La segunda: las subidas al Pico Turquino no tenían como propósito “purificar a los jóvenes de su pasado burgués”, sino eran símbolo y homenaje a la Generación del Centenario, que no por gusto colocó un busto de bronce de José Martí en el punto más alto de la geografía nacional en 1953. La tercera: la “Balada de los dos abuelos”, del propio Guillén, no constituye “una apología que oculta a todas las mujeres negras violadas por sus amos blancos”, sino un discurso poético sobre dos componentes centrales de la identidad cubana.
El problema consiste en que cuando llega la hora de posesionarse frente a esas formulaciones, los exponentes de ese discurso echan a volar con bastante facilidad epítetos de “esencialismo”, es decir, acusan a los cubanos de algo que nadie con dos dedos de frente validaría: que somos son los únicos capacitados para entender Cuba y su cultura. Y, por tanto, nos inculpan de erigirnos en monopolizadores de una verdad con mayúsculas.

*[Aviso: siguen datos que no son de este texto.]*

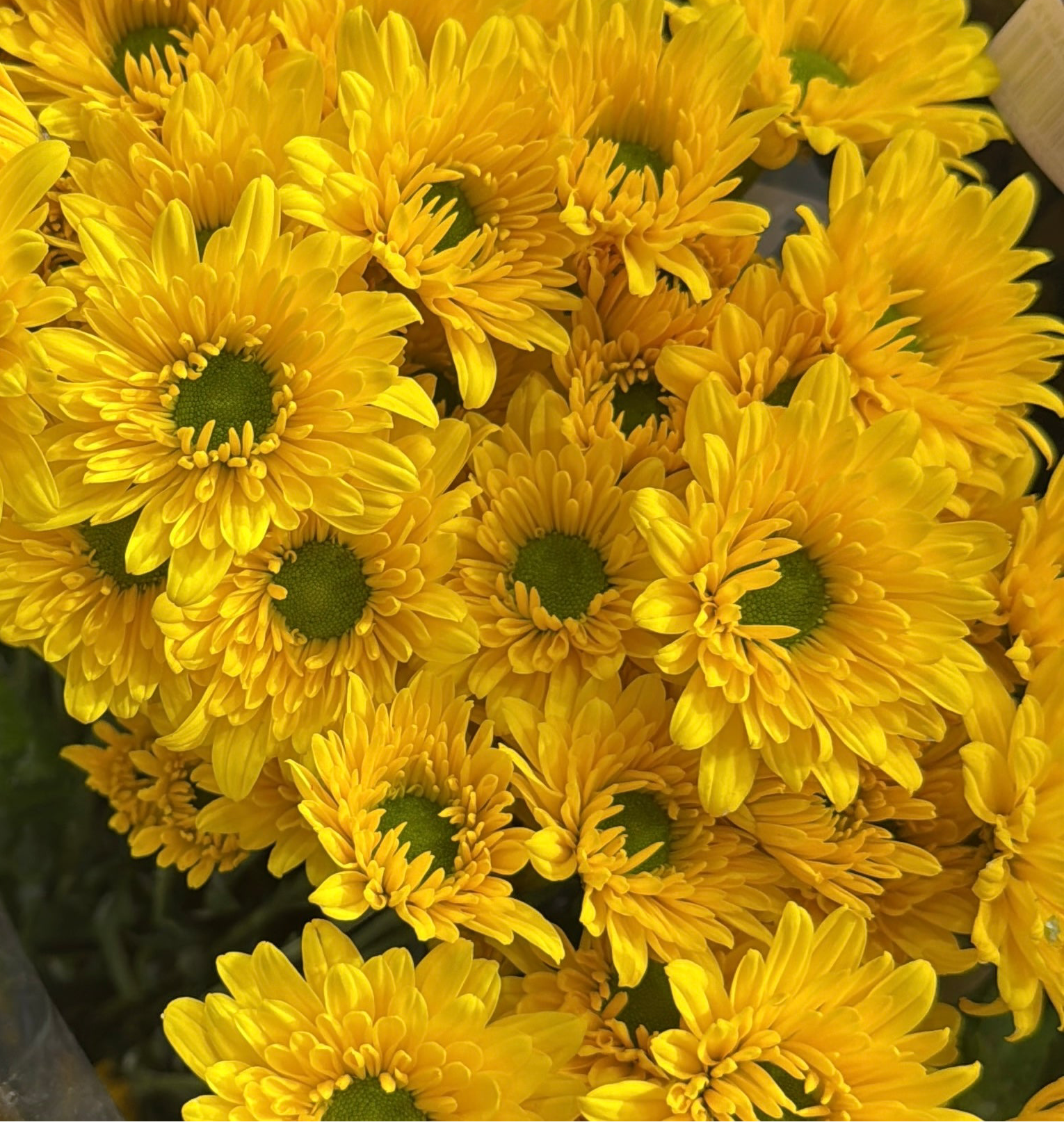 Margaritas amarillas bouquet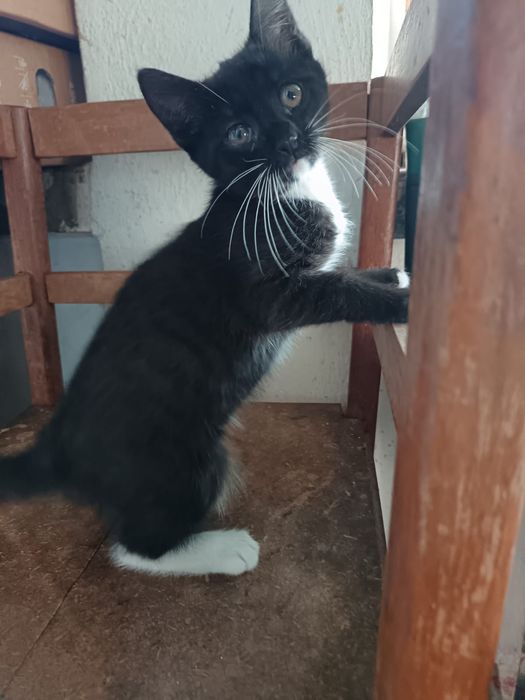 Donez pisicuti frumosi, patru motanei mititei!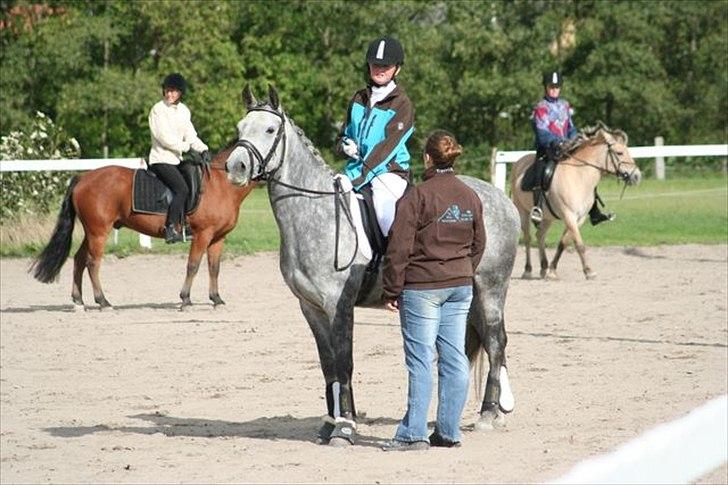 DSP Acia's Chanell billede 17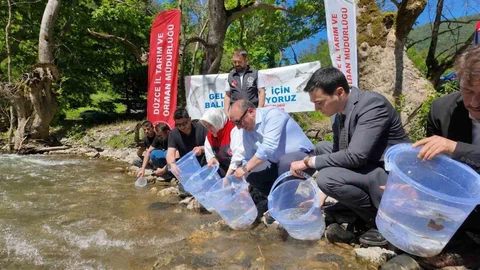 Düzce'de Alabalık Yavruları Suya Salındı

Pero el solo hecho de afirmarlo supone desconocer los aportes de otro tipo de academia al conocimiento sobre Cuba en los Estados Unidos. Y, sobre todo, perder de vista un punto central: se trata, en esos casos, de estudios serios, razonados, concienzudos, documentados y persuasivos en su argumentación, no de ideologemas que se quieren imponer como un cartabón a la realidad monda y lironda.
Hay viajeros, cualquiera sea su signo, que llegan a la Isla a comprobar lo que ya saben de antemano, y a hacer si viene al caso su propio touchdown a la hora de relacionarse con el Otro. En esos casos, que por fortuna no son todos, valdría la pena acudir a lo que escribió alguna vez Antonio Machado: “¿Tu verdad? No, la verdad, y ven conmigo a buscarla. La tuya, guárdatela”.